Wednesday, September 3rd, 2008

Standardized tests would be abolished because those suck on the fairness scale. Also on the accuracy scale, but who’s counting. It took me about ten seconds to realize that for the admissions process to be truly equal and fair, all applicants would need to be reduced to a colorless blob of plasma.

Standardized tests are ridiculous, and I’m my own best example of their utter crap factor: I’m a middle-class white girl whose family is educated and because of that I rock at standardized tests. I worked less hard than my classmates in high school—I studied only rarely. Even I could see they deserved a college education more than I did as they had done the work in high school and would continue to do so if they were able to go to college.
I skipped out on the two SAT prep courses my parents paid good money for. And still I did fine and dandy on the SAT and the ACT. I’m smart, but I’m not that smart. Standardized tests are a crock.

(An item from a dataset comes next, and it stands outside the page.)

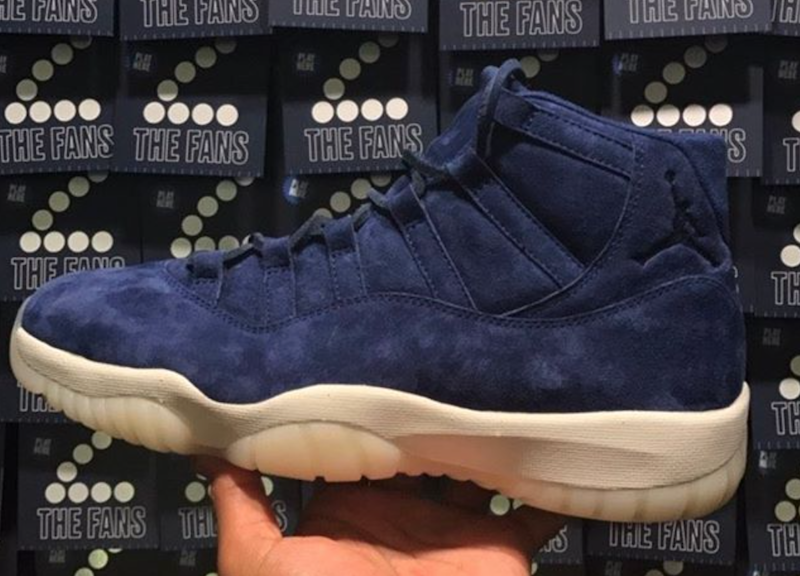 all blue suede 11s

Equalizing the College Applicant Pool to Grey Blobs of Plasma
So, yes, I pretty much thought myself into a corner within 30 seconds of trying to mentally re-vamp the admissions situation. Here’s what I ended up with: the aforementioned colorless blobs of plasma who would all have to be interviewed one by one in lieu of the easily padded high school transcripts and college application essay (“Yes, my work as the president of the Lint-Weaving Club changed my life and the lives of lint-weavers everywhere. I also volunteered at Lint Weavers of America every Wednesday afternoon. Those grubby little lint-weaving faces were so inspiring, you know? There is just so much lint in the world, and it should all be woven! I feel very passionate about lint and the need to weave it. And that is why I belong at your college,”). And since there is no way every college and university in America will be hiring extra staff so as be sure to interview every applicant individually, that is not a possibility.

I can also see that equalizing the college applicant pool to grey blobs of plasma is not doable. And, sadly, most red-blooded Americans won’t want to see the Holy Trinity of the college application process (standardized tests, high school transcripts, essay) eliminated. Everyone loves vicarious, nostalgic suffering and there is nothing better than watching the next generation of college applicants have to run the same gauntlet you did. If we got rid of all the fake-able paperwork, the romance would be gone.

College Admissions Process is a Preview of the Real World
Here’s all I’ve got left (and this won’t work until technology catches the hell up): colleges scan all applicants with a special full-body scanner (like an airport metal detector, only different). Then the colleges could check out the applicant’s actual intelligence, their true potential, their work ethic, etc.

And since that clearly won’t work either, I give up. Maybe the only thing to do is to look at the college application and admissions process as a preview of the real world (a place you’ll hopefully be able to put off entering for at least four more years—ironically, only if you get into college). The real world is full of standardization, padding of transcripts and resumes, ass-kissing, hoop-jumping, numbers that mean nothing, people who excel at something unpopular so their talent goes unnoticed, and people who excel at the right thing and are rewarded extensively for it. In the real world some people look better on paper, and some know it will be mayday on the written, but they’ll pull it off if they can get an interview with a live human. Life is unfair, but everyone is good at something. Figure out what you’re good at, work your ass off, and eventually you’ll get where you want to be. Or you’ll be crushed by someone with better connections and more financial backing.